Konser boyunca sandalyede oturarak elektro gitar çalan Goto (Takaakira Goto)  ve Yoda'ya (Hideki Suematsu) karşılık, kadın basçı Tamaki Kunishi (klavye çalarken otursa da) gitarını ayakta çaldı. Saçları kapadığı için Goto ve Yoda'nın yüzlerini hiç göremedim ama beden dillerinden ne halde olduklarını anlamak mümkündü. Zaman zaman sandalyeden yere düşecek kadar müzikle sürükleniyorlardı, koca bir nehir gibi gürül gürül akan gitarlar salondaki kitleyi de önüne katıp ruhları ayaklandırdı.

Müziğin çok gürültülü ya da sessiz olması da fark etmiyor bu hissin ortaya çıkması için. Şarkıları yavaş başlayıp giderek yükseliyor ve ilerledikçe kreşendonun etkisiyle salonda adeta duvarlar iniyor, tuğlalar yerinden fırlıyor. İtiraf edeyim bu büyük güç karşısında gözyaşlarımı tutamadığım anlar oldu. Biletler tamamen satıldığı için çok kalabalıktı Salon ama oldukça karanlıktı; sanırım gören olmadı teslimiyetimi.

Tek kelime etmeden dinleyicisini bu kadar sarsabilen gruplara saygım çok büyük. Enstrüman o kadar tutkuyla çalınırsa söze de gerek kalmıyor. Ne ironik ki ben gece gece (ya da bir diğer deyişle sabah sabah) yazdım durdum; ne desem yeterli olmayacağını, o müziğin kişisel olarak deneyimlenmesi gerektiğini bildiğim halde yazdım durdum. Son olarak konser sırasında şu karara vardım: Eğer cennet diye bir yer varsa, bu geceki konser gibi bir atmosfer olabilir orada. Başlangıçtaki ideal hayat hayalimi destekleyen bir düşünce bu. Sonuçta ütopik bir gece sona erdi.

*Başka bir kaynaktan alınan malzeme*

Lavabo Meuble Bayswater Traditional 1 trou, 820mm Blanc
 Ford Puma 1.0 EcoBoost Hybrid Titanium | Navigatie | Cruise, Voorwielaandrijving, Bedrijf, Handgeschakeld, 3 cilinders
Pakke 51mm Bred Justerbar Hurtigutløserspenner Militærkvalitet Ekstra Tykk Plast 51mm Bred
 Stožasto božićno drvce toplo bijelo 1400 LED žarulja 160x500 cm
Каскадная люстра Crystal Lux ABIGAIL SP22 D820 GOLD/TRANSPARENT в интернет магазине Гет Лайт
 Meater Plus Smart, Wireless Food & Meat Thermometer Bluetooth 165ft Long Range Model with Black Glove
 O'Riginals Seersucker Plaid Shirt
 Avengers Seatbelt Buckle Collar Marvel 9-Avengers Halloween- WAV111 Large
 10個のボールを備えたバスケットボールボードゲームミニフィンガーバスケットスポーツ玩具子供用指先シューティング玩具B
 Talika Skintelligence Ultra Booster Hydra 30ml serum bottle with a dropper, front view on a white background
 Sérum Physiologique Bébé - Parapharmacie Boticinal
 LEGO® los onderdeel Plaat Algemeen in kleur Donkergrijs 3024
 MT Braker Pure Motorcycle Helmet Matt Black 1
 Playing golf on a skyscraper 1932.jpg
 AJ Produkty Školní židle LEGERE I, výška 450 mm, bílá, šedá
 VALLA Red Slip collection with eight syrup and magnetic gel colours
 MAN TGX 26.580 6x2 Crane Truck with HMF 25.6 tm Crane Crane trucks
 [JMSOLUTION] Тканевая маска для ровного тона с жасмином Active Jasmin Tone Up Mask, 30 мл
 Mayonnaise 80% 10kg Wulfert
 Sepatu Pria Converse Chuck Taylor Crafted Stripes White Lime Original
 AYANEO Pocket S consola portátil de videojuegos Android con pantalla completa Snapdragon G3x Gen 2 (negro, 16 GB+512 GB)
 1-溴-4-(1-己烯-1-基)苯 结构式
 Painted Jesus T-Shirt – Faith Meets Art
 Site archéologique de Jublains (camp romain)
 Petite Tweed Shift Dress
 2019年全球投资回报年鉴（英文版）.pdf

Setlist: Legend - Burial at Sea - Dream Odyssey - Pure as Snow (Trails of the Winter Storm) - Follow the Map - Unseen Harbor - Ashes in the Snow - Halycon (Beautiful Days) - Everlasting Light

(Not: Dalgınlıkla fotoğraf makinemi evde unutup çıkmışım sokağa. İmdadıma Salon için çalışan fotoğrafçı Ali Güler yetişti ve sabah erken saatlerde fotoğrafları bana ulaştırdı. Bu yazıdaki görsel materyal ona aittir. Kendisine müteşekkirim.)